L’intrigue autour de cet écheveau politique, certes bien ficelée, avec une projection sur le futur qui reste à confirmer déjà cette année, sert essentiellement à cerner le personnage central, Paul, dans sa position sociale. Il permet à certains moments d’intégrer la question de la probité et de ses conséquences. Mais passons, chacun se fera son idée sur ce point.
Ce qui me parait plutôt bien mené, outre le fait que l’écriture de Michel Houellebecq est très agréable, c’est le travail qu’il fait autour de la vie, de l’amour, de la mort. L’essentiel de sa démonstration parle de la fin de vie dans le monde occidental et particulièrement en France. Il nous emmène dans les hôpitaux, les EHPAD, nous rappelle la réalité économique de ces lieux, nous démontre également notre dérive occidentale quant à la proximité de la mort et les moyens démesurés qu’il faut aujourd’hui pour finir les jours chez soi. Ici se croise la question de la structure familiale, sa place dans le cours d’une vie et le rôle que l’amour peut remplir dans tout ça.
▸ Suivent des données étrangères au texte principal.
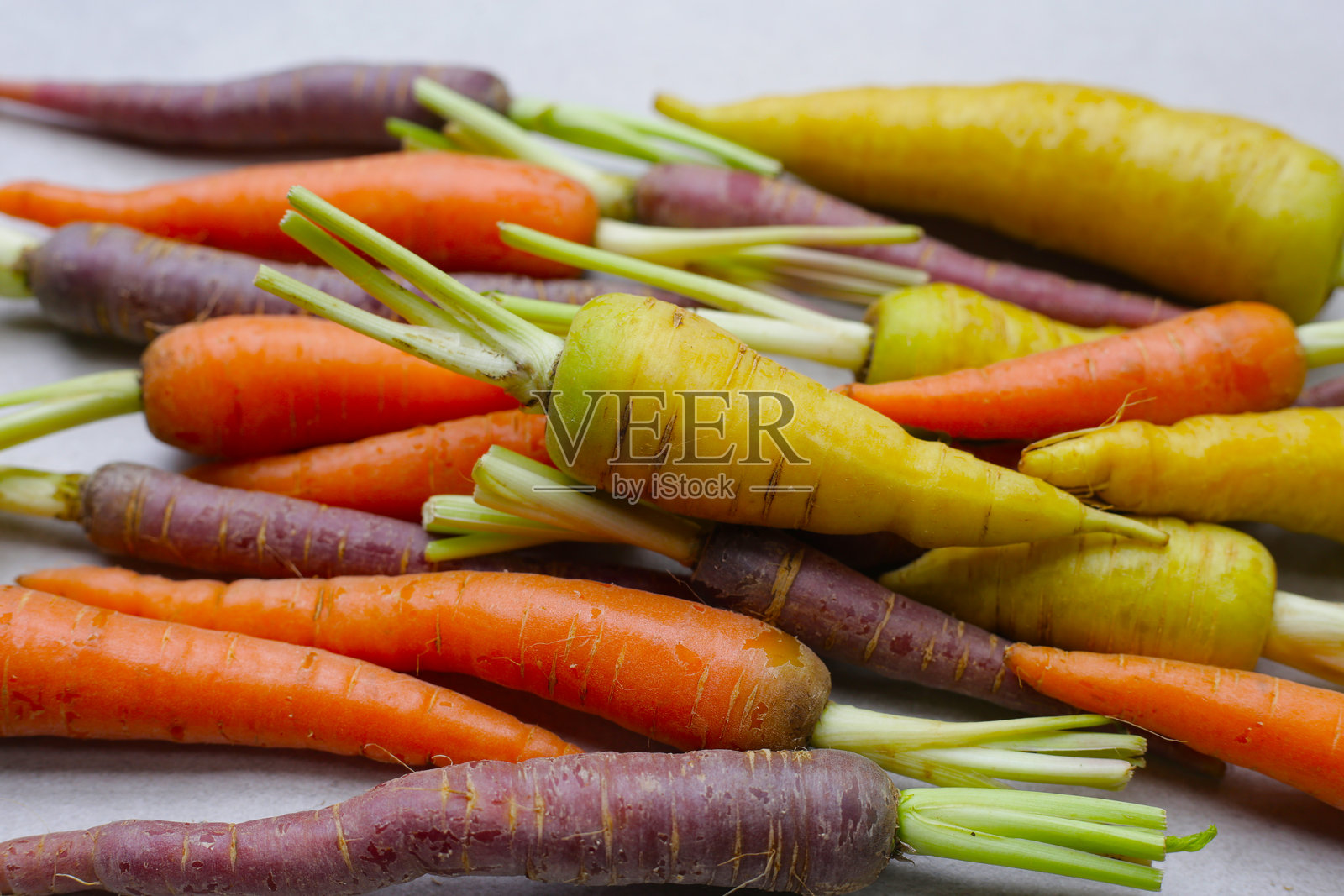 新鲜胡萝卜，成熟的胡萝卜照片摄影图片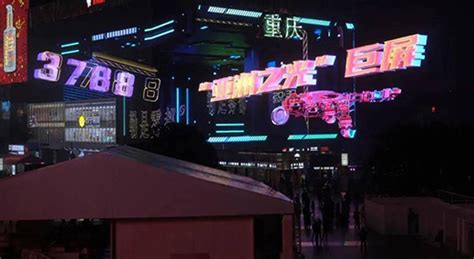 重庆观音桥裸眼3D升级 “轻轨穿楼”来啦！-搜狐大视野-搜狐新闻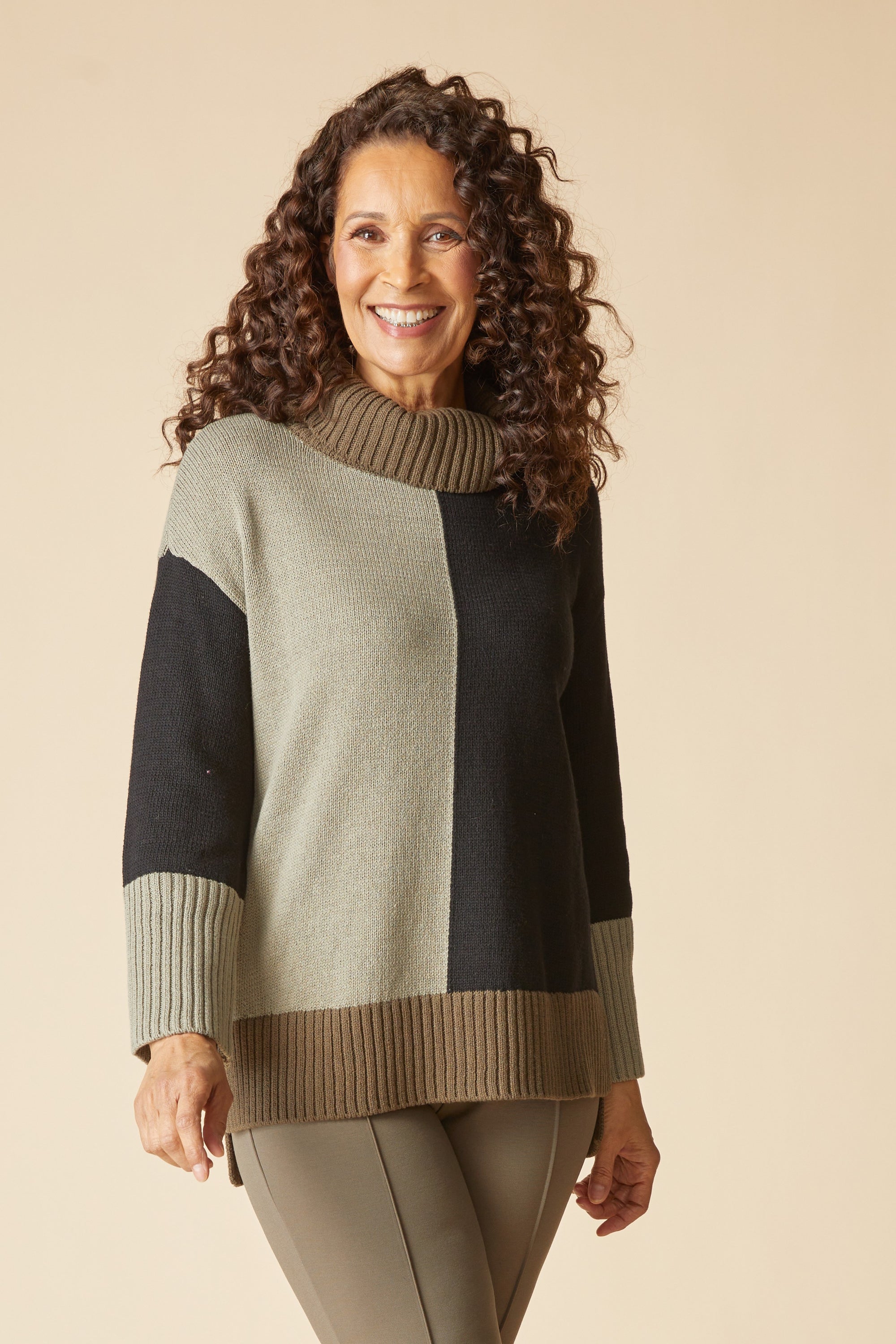 PULLOVER TUNIC SWEATER | YIN YANG MIX IT UP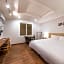 Check Inn Hotel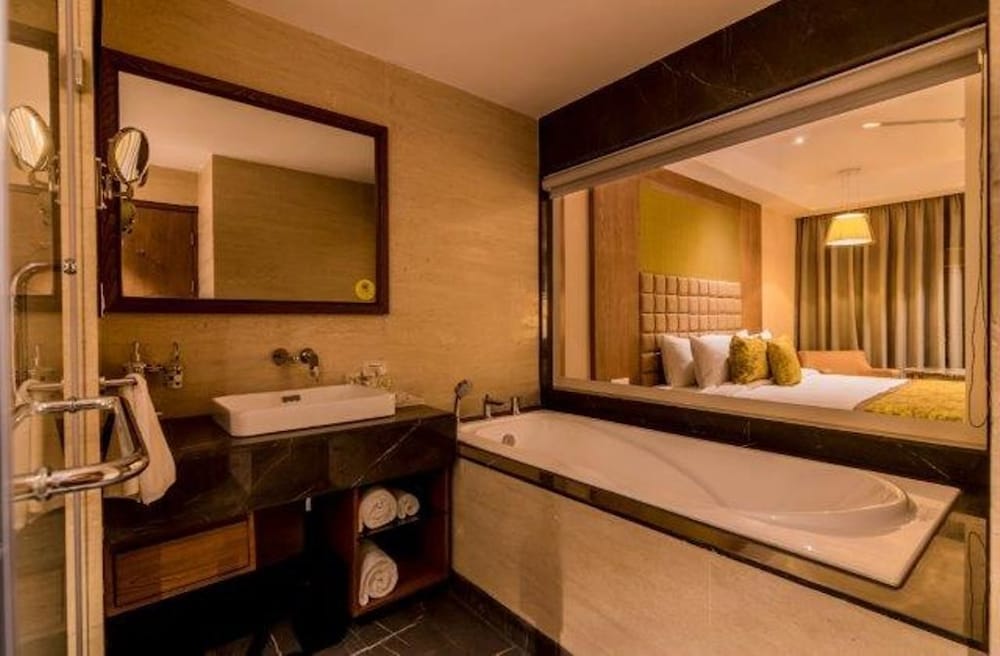 Lemon Tree Hotel Siliguri 30/31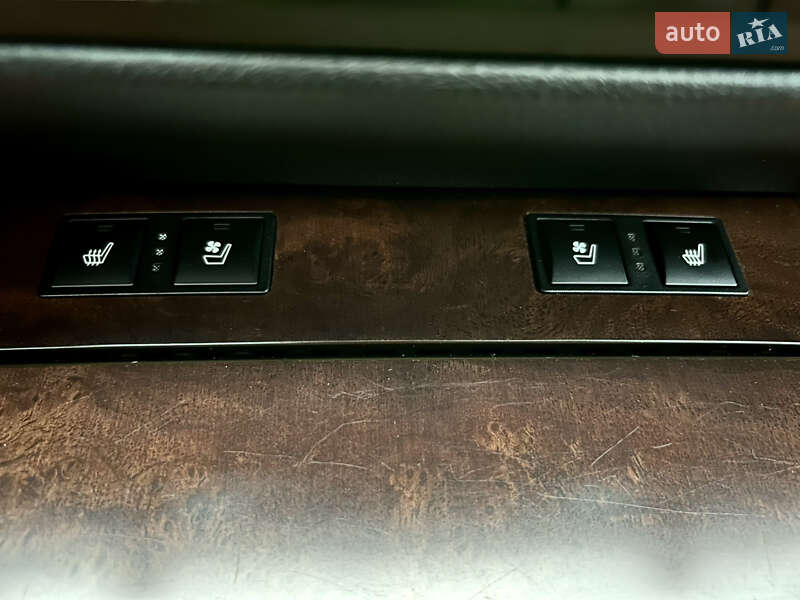 Седан Lexus GS 2012 в Киеве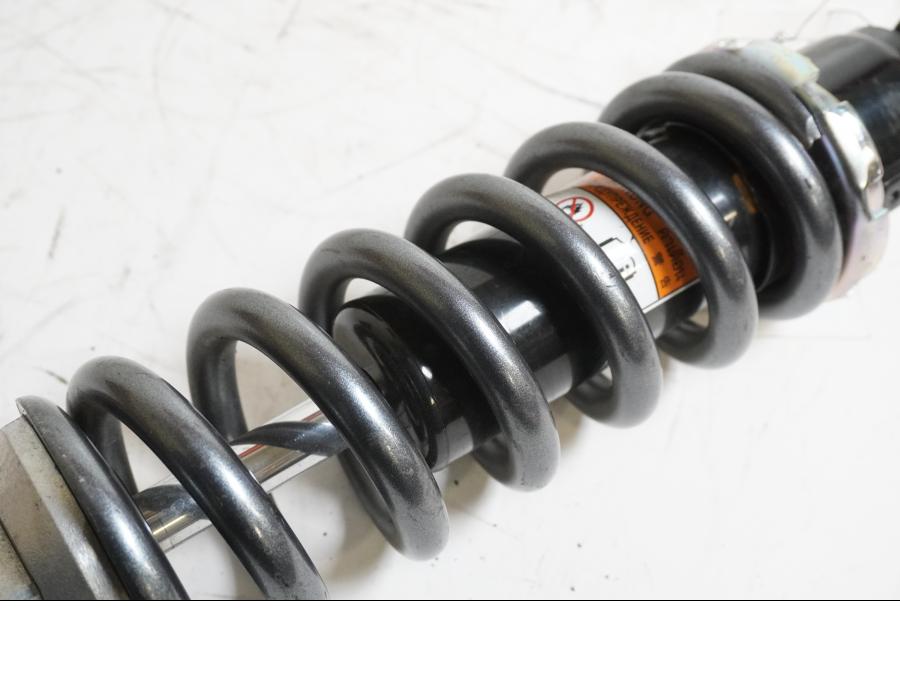 Höger sida på Stötdämpare från en Suzuki GSX-S 1000 -2015 motorcykel.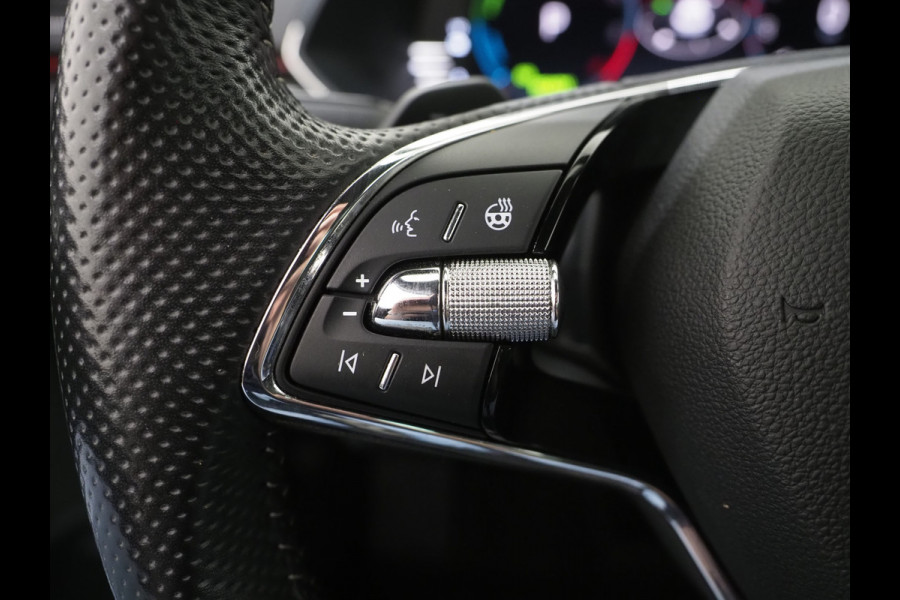 Škoda Superb Combi 1.4 TSI iV Sportline | Leder/Alcantara | Trekhaak | Carbon | Memory | Sfeerlicht | Keyless | Adaptive Cruise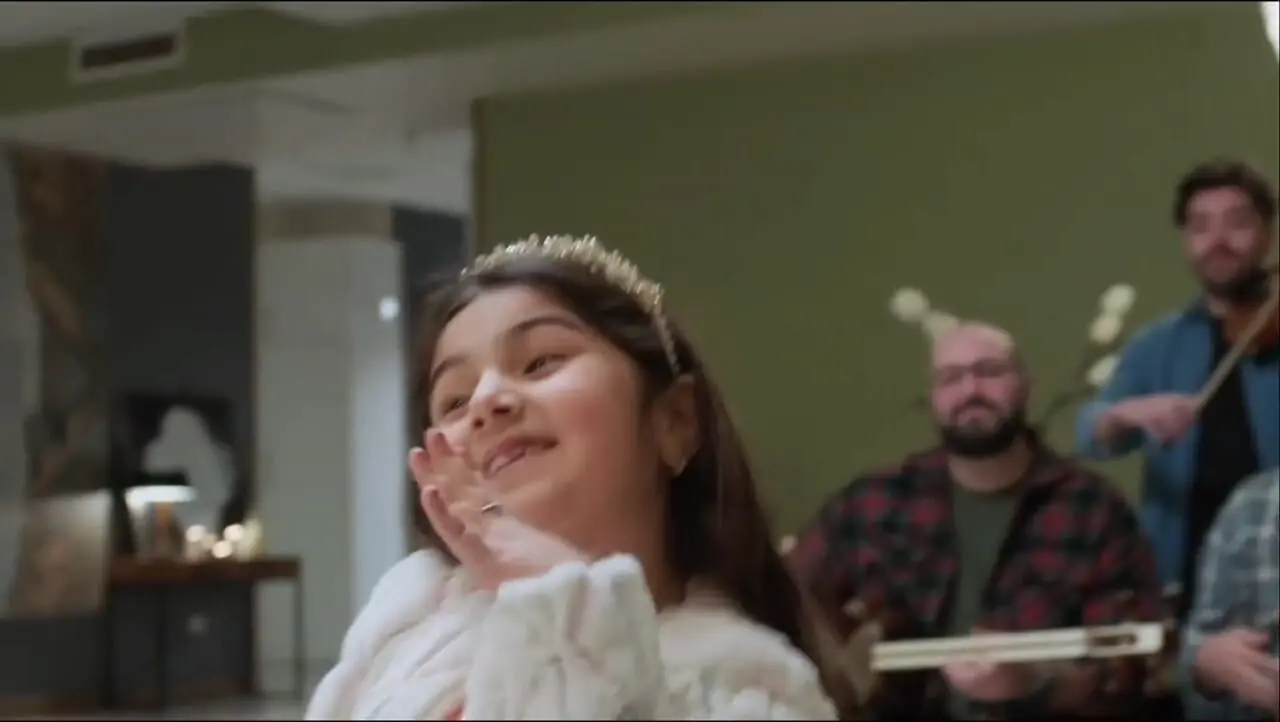 فیلم / رقص لیلا فروهر در سلطان قلب ها تکرار شد این بار در فیلم مفت بر  +سکانس فوق جذاب از رقص دخترکوچولوی سینما با ترانه توی دنیا هرکسی به شکلی نونی درمیاره"/ سحر دولت‌شاهی چه کیفی میکنه!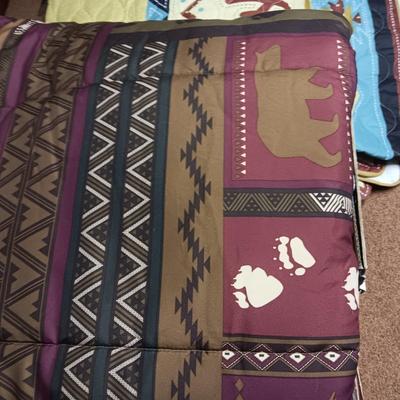 2 QUEEN COMFORTERS HANGING TAPESTRY AND WALL MIRROR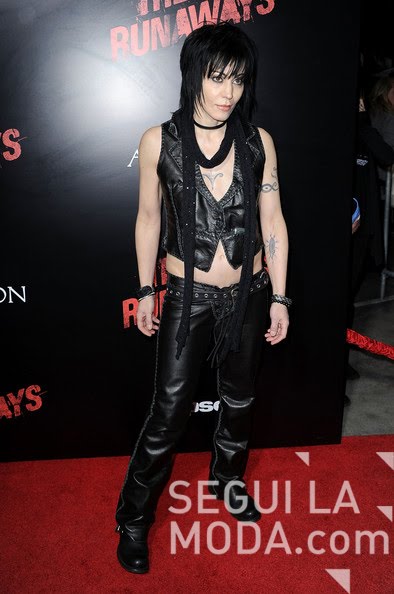 [joan+jett+-+Premiere+Apparition+Runaways+Arrivals+5l9EjOnpqZol.jpg]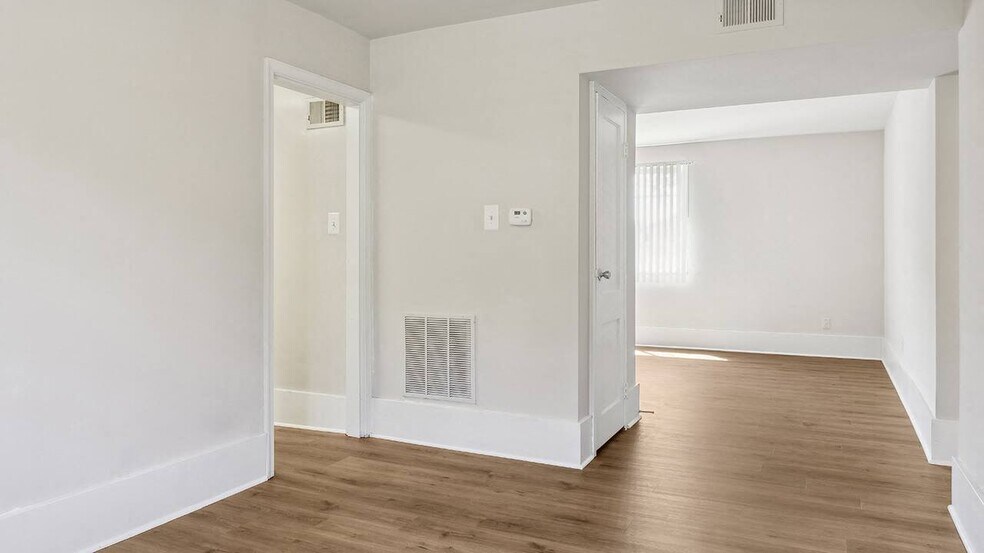 Building Photo - The Barrington Apartments
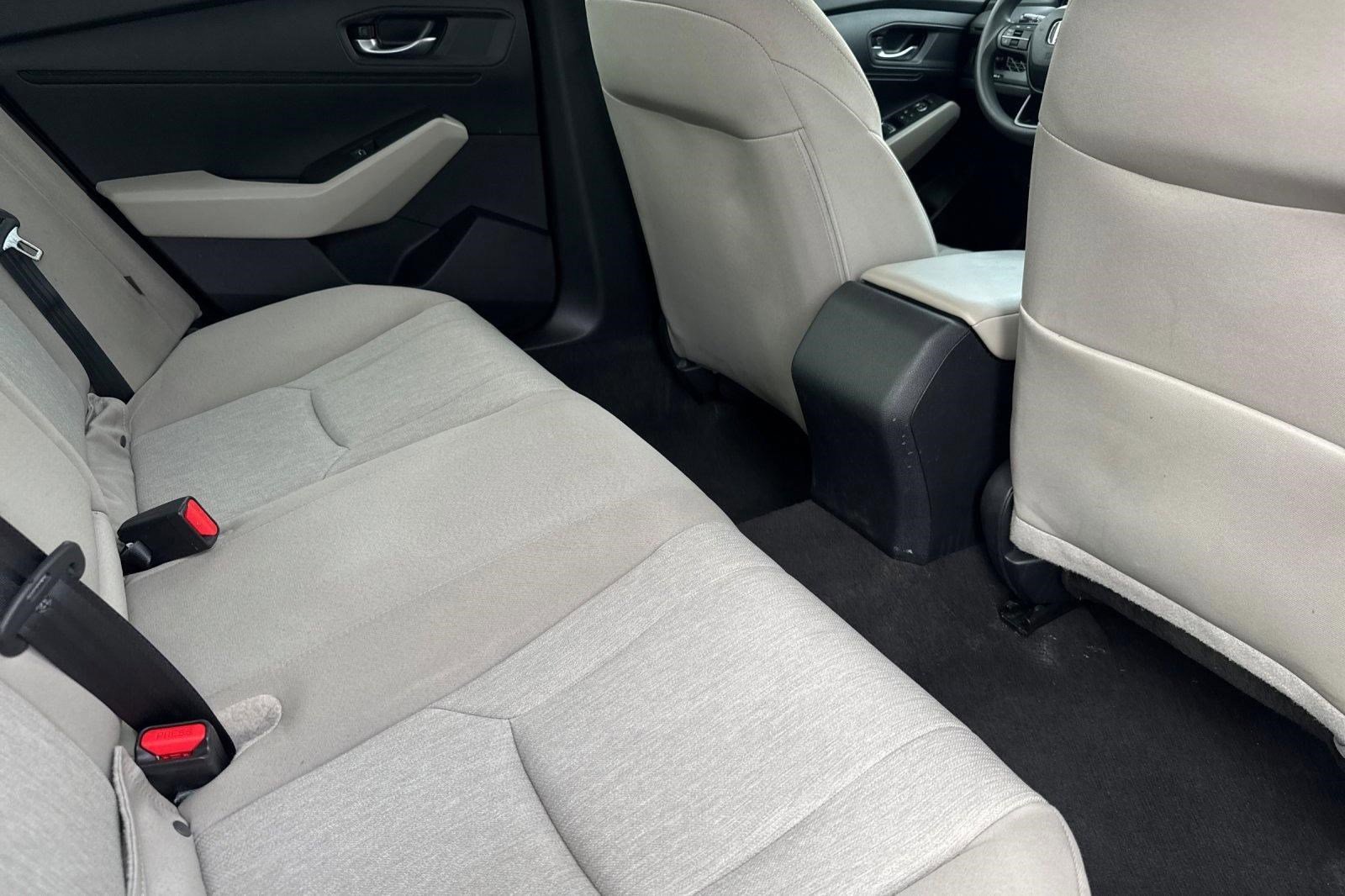 Used 2023 Honda Accord LX image 28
Là où certains ont vu une juxtaposition de thèmes abordés, j’y ai trouvé une analyse de notre société concernant notre regard sur la famille, l’amour, la mort, plutôt juste.
Je rajouterai que ce coup-ci il s’est abstenu de scènes de sexes voyeuristes, parfois hors sol, pour nous servir quelques moments érotiques particulièrement réussis et d’autres assez hilarants. Mais l’amour fonctionne-t-il sans le plaisir ?
Assurément un livre qui fait date dans l’œuvre de Houellebecq, tendre, délicat et mélancolique, en tous cas son livre le plus sensible.